In October 2022, the group launched its latest offensive in the east of DRC, which forced thousands to escape. In 2022, a larger portion of M23 started an offensive, which eventually resulted in the capture of the Congolese border town of Bunagana by the rebels. After the M23 attacks of 2022, the Congolese government blamed Rwanda and accused President Paul Kagame's government of supporting the rebels. Rwanda denied these accusations. In November 2022, M23 rebels got close to the city of Goma and forced about 180,000 people to leave their homes after the Congolese Army had withdrawn from the region near the village of Kibumba. As of February 2023 the group occupies various major towns in eastern North Kivu including Bunagana, Kiwanja,  Kitshanga, Rubaya, Rutshuru, and controls vital roads leading to Goma.

Background

On 23 March 2009, the National Congress for the Defence of the People (CNDP) signed a peace treaty with the DRC government, where it became a political party, and the M23 soldiers integrated into the Armed Forces of the Democratic Republic of the Congo (FARDC).  M23 takes its name from the date of these peace accords.  The armed wing of the group is led by General Makenga Sultani, who has served as acting president of the group since the 28 February 2013 removal of Bishop Jean-Marie Runiga Lugerero, a former CNDP member.

Operations

Formation
The M23 was formed on 4 April 2012 when nearly 300 soldiers - the majority of them former members of the National Congress for the Defence of the People (CNDP) - turned against the DRC government, citing poor conditions in the army and the government's unwillingness to implement the 23 March 2009 peace deal. General Bosco Ntaganda, also known as "The Terminator", was accused by the Government of Kinshasa of leading the group, and President Kabila called for his arrest on 11 April 2012. The government had threatened to redeploy former CNDP soldiers away from North Kivu before the full implementation of the peace agreement, which prompted many of them to defect from the army and create the M23.

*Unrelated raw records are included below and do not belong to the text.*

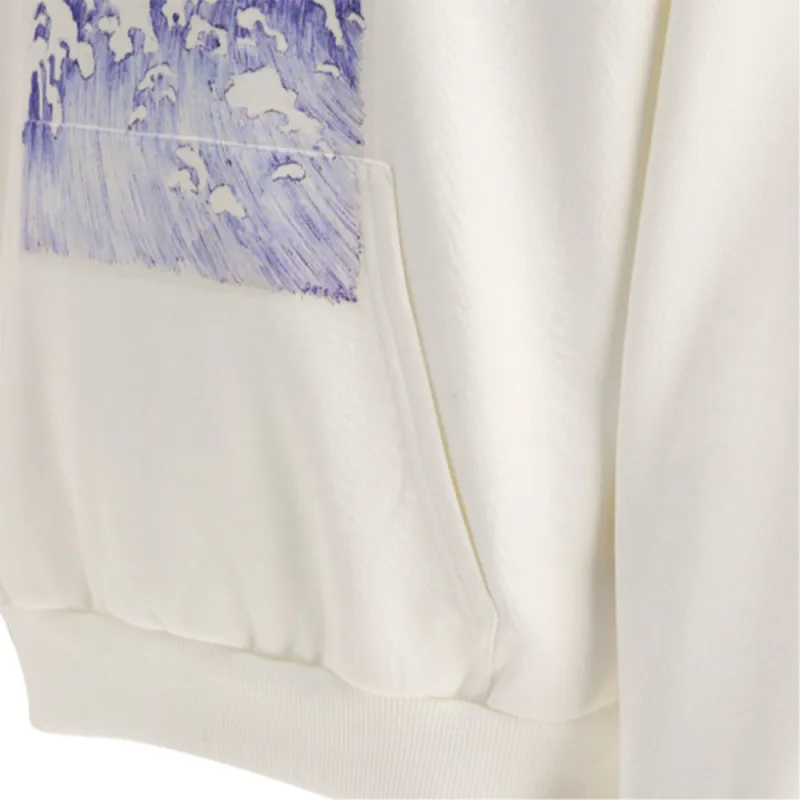 CELINE SS23 Sweatshirt Men's White-7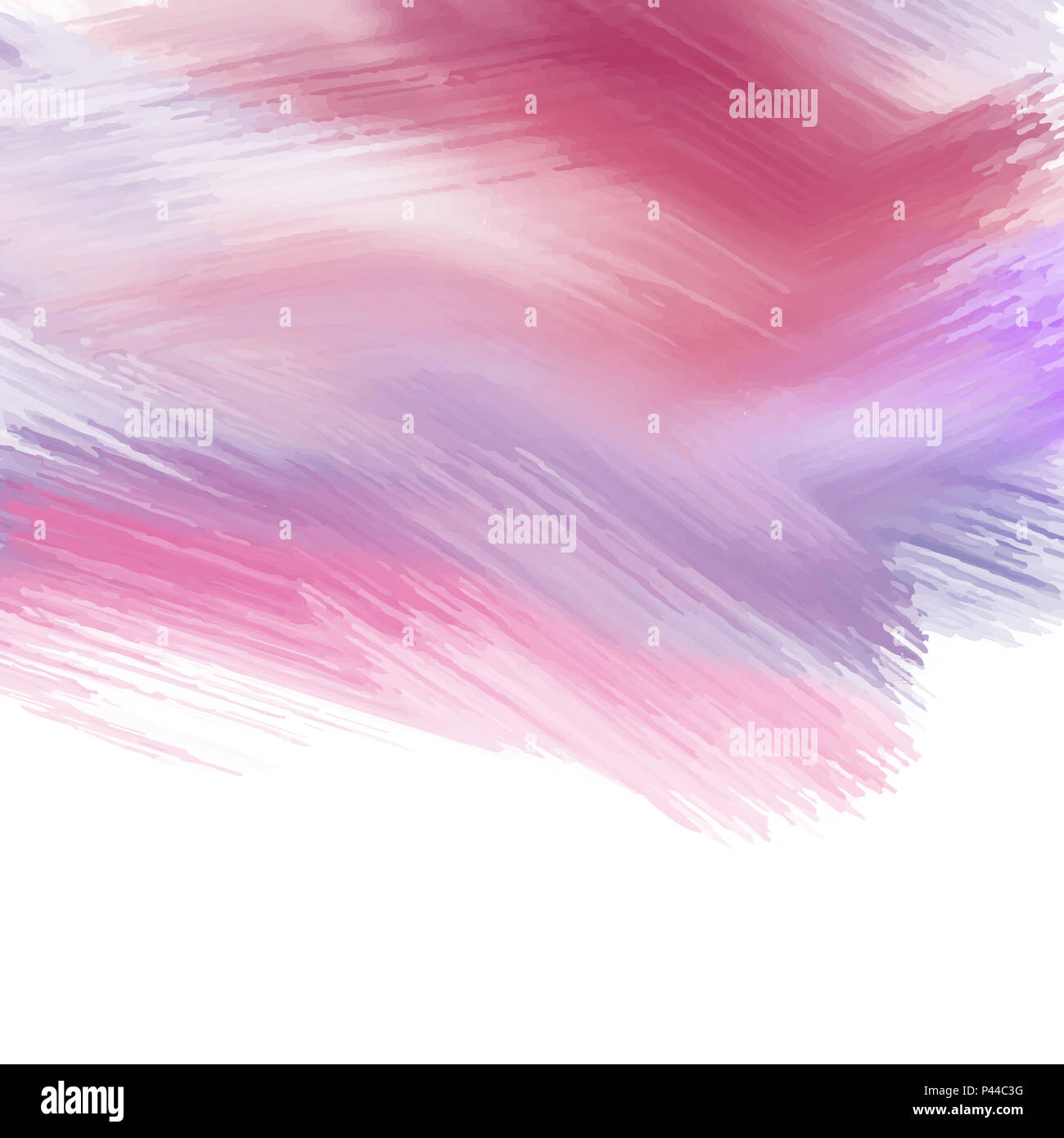 Decorative background with pink and purple paint strokes Stock Photo ...
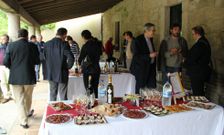 Los estradenses participan en catas organizadas conjuntamente con otras cooperativas por toda Galicia.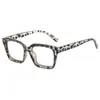 Nuevas Gafas Cuadradas Anti Luz Azul para Hombres, Artefacto de Aspecto Adelgazante de Moda, Gafas Planas Pequeñas Multicolor que Resaltan el Rostro para Mujeres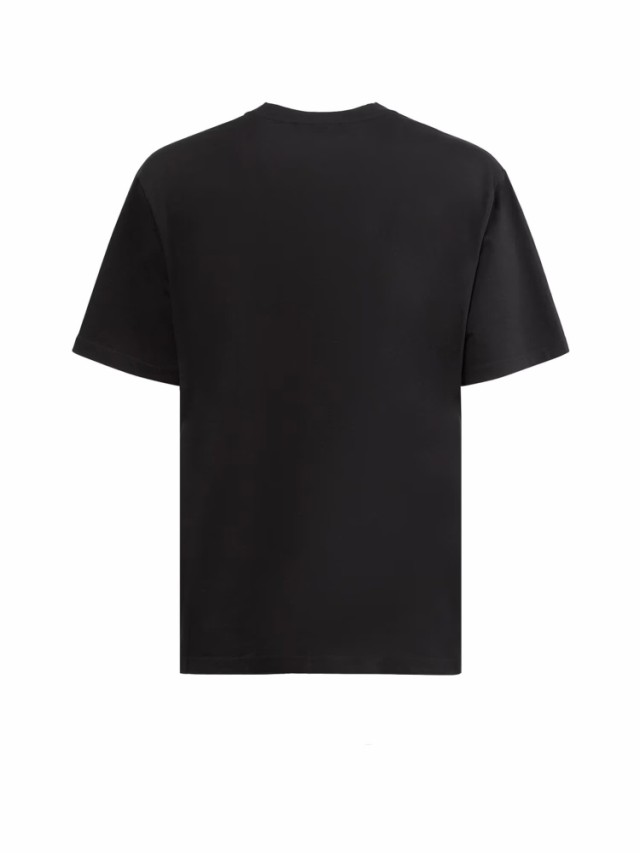 新品本物 【BALMAIN】黒Tシャツ Tシャツ/カットソー(半袖/袖なし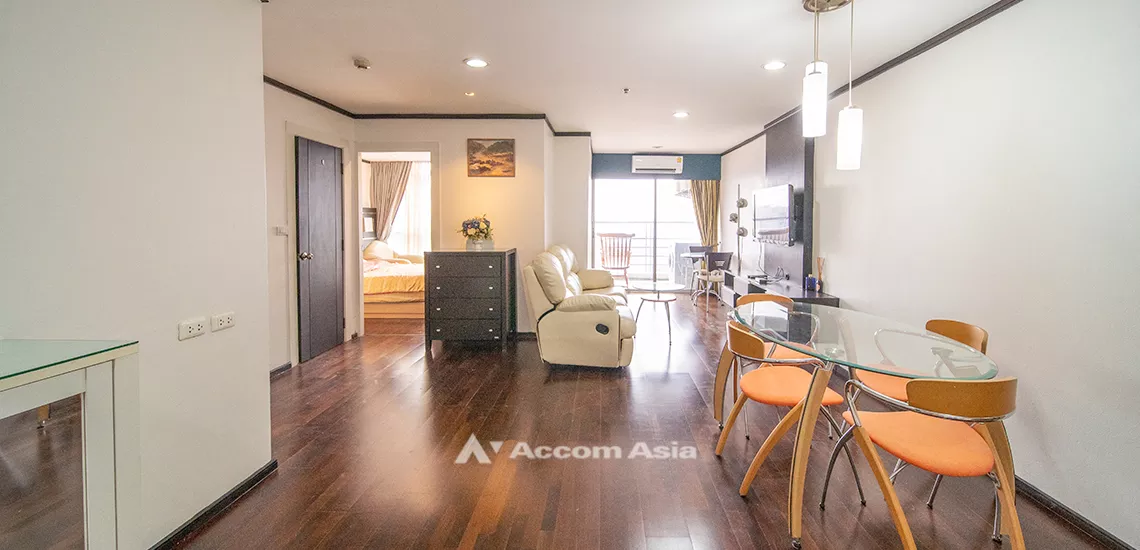 Pet friendly |  2 Bedrooms  Condominium For Rent in Sukhumvit, Bangkok  near BTS Phrom Phong (AA19690)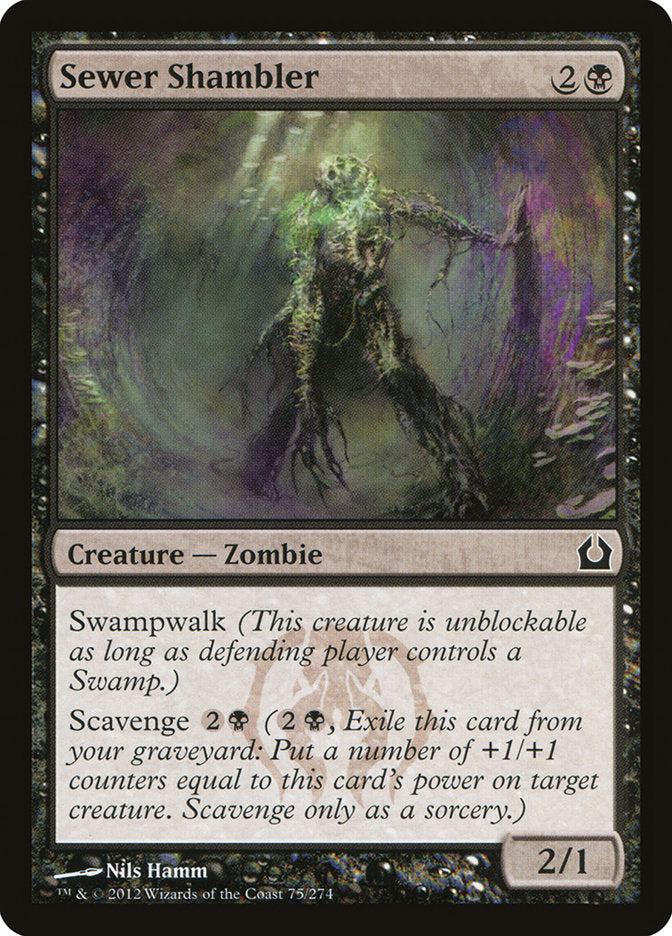 Sewer Shambler [Return to Ravnica] | Exor Games Bridgewater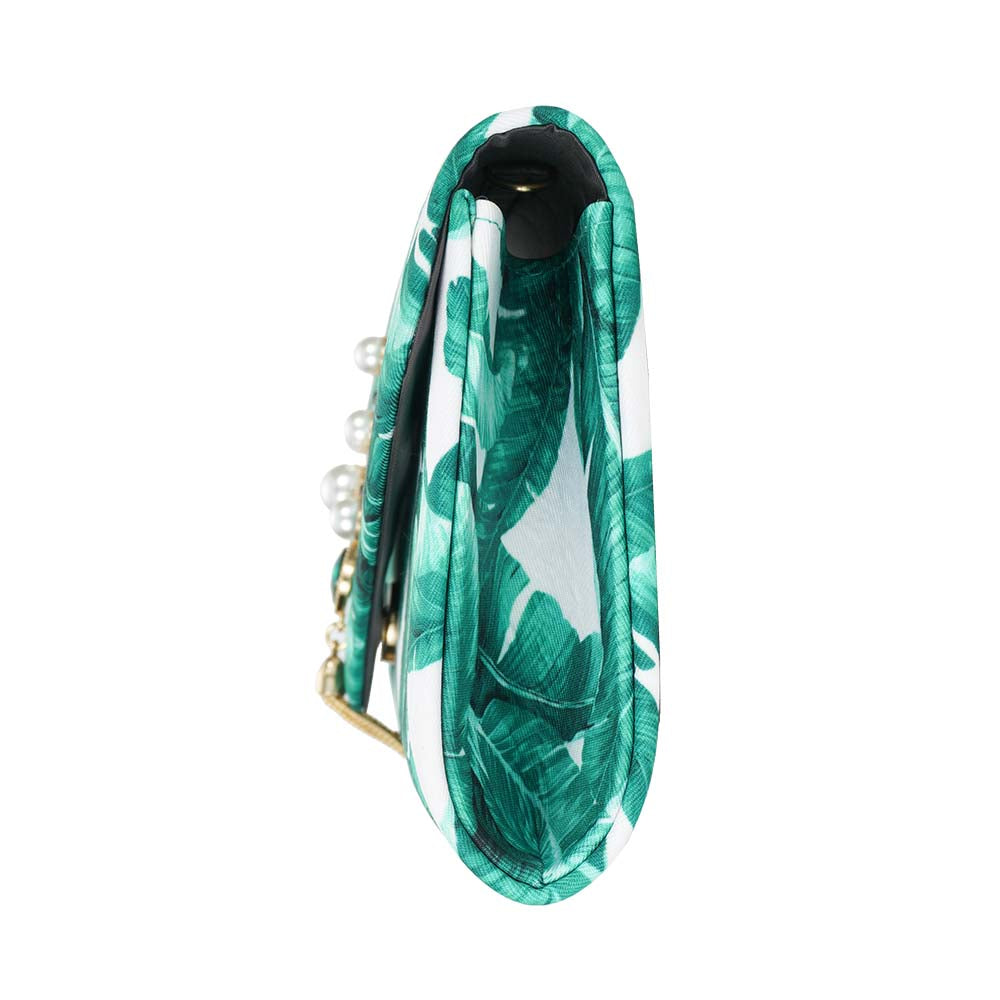 Icing Printed Clutch Bag – Whirlwind Romance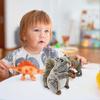 Squirrel Plush Toys Ultrasoft Adorable Squirrel Stuffed Animal Plush Toy for Kids Birthday Boys Girls Babies Bedtime Gift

The M23 is made up primarily of Tutsis and opposes the Hutu Power militia Democratic Forces for the Liberation of Rwanda (a group that counts among its number the original members of the Interahamwe that carried out the 1994 Rwandan Genocide) as well as area Mai-Mai (community militias mostly created and supported by the Democratic Republic of Congo). To be able to upstaff the troops, occupied villages were asked to deliver youngsters for the formation of village defence committees. This way, a larger number of more experienced soldiers could be stationed on the battlefield. However, this approach backfired when M23 troops tried to extort from the local population, since the armed youngsters defended their own villagers.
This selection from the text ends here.